(Collected data)

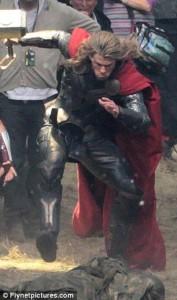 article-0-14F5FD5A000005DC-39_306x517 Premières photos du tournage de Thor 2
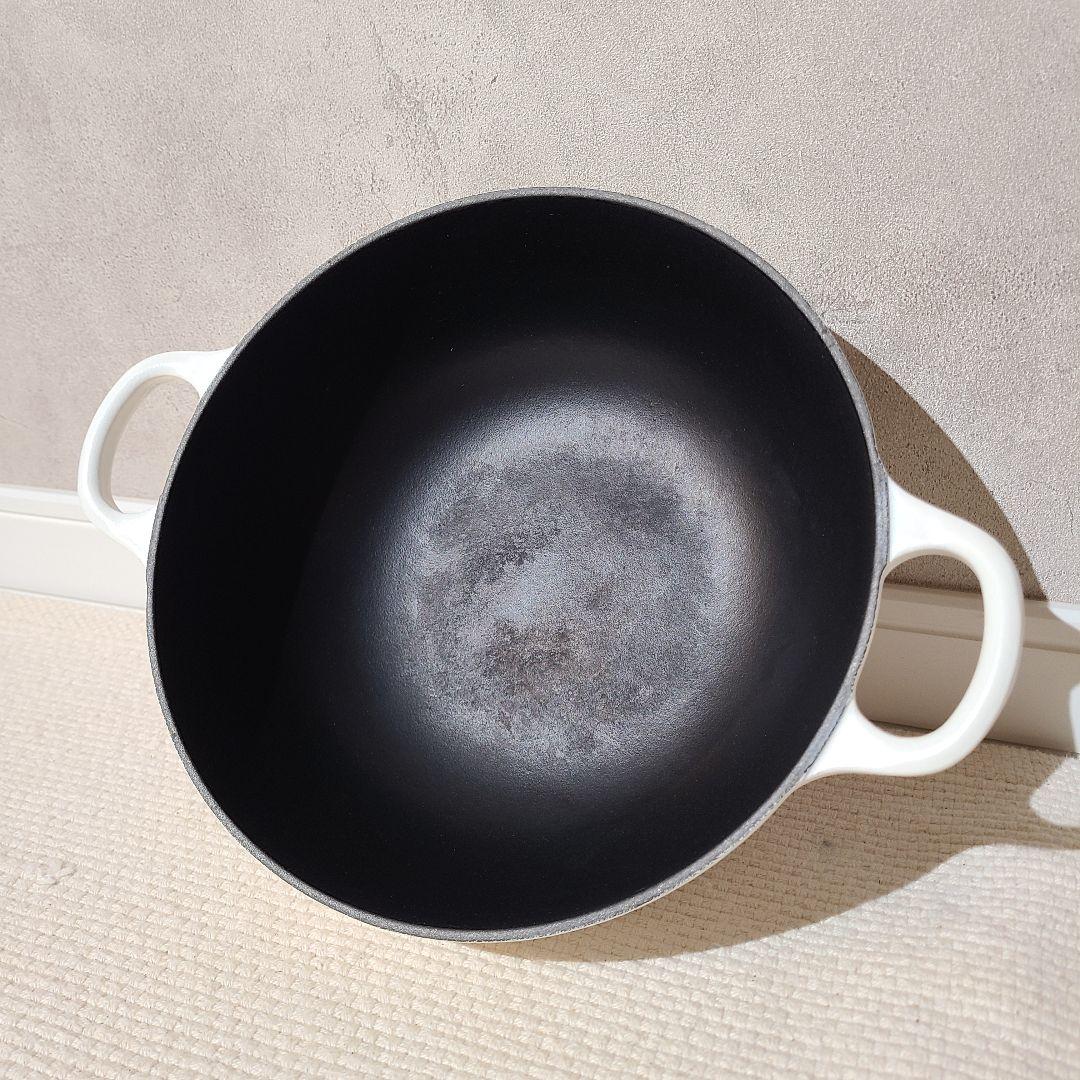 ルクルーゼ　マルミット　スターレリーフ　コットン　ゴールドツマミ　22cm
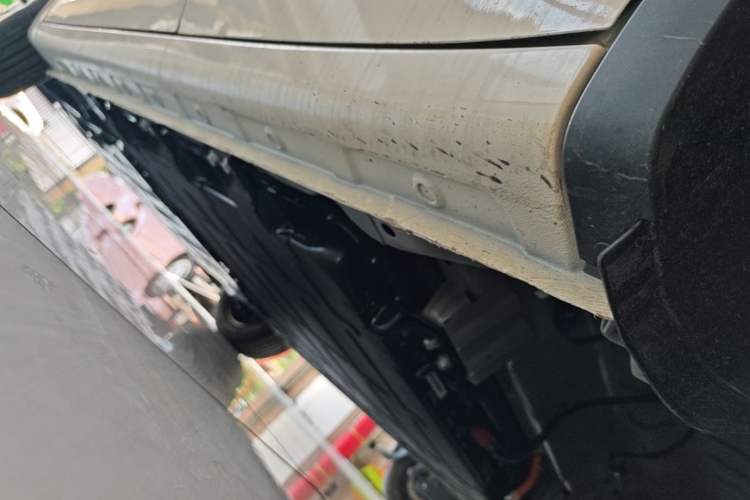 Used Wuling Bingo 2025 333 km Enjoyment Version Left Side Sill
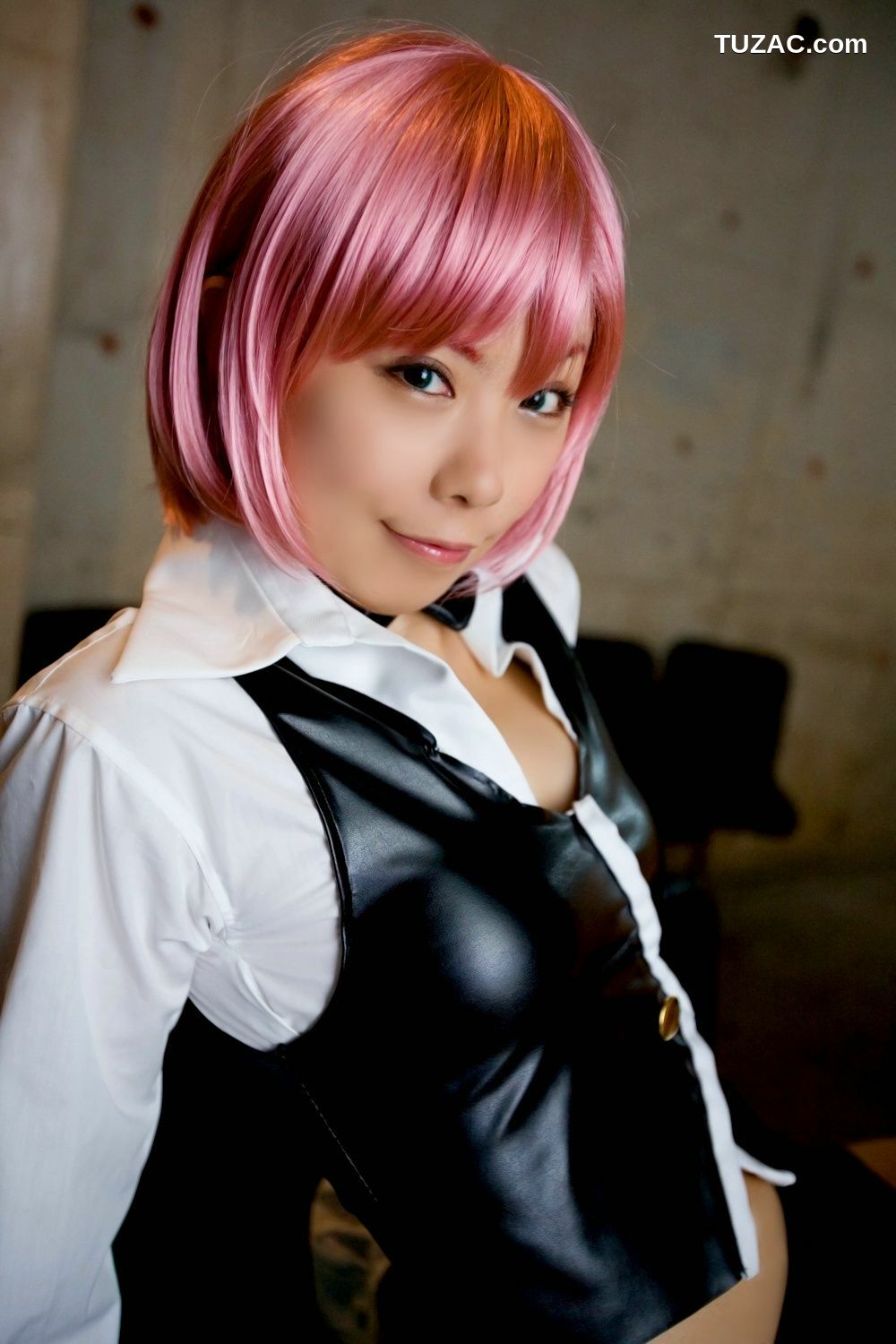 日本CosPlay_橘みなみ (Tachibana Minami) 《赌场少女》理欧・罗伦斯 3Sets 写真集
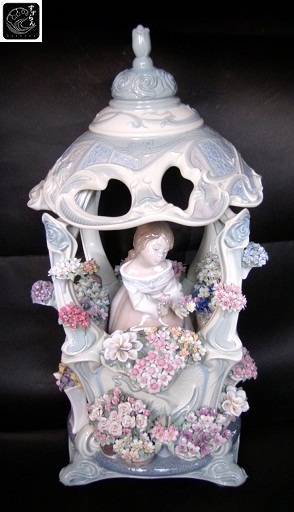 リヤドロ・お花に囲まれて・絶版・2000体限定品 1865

_What you have to do_
From the first line to the last, output the data exactly, without the pictures.

_Reply_
 article-0-14F5FD5A000005DC-39_306x517 Premières photos du tournage de Thor 2
 ルクルーゼ　マルミット　スターレリーフ　コットン　ゴールドツマミ　22cm
 Used Wuling Bingo 2025 333 km Enjoyment Version Left Side Sill
 日本CosPlay_橘みなみ (Tachibana Minami) 《赌场少女》理欧・罗伦斯 3Sets 写真集
 リヤドロ・お花に囲まれて・絶版・2000体限定品 1865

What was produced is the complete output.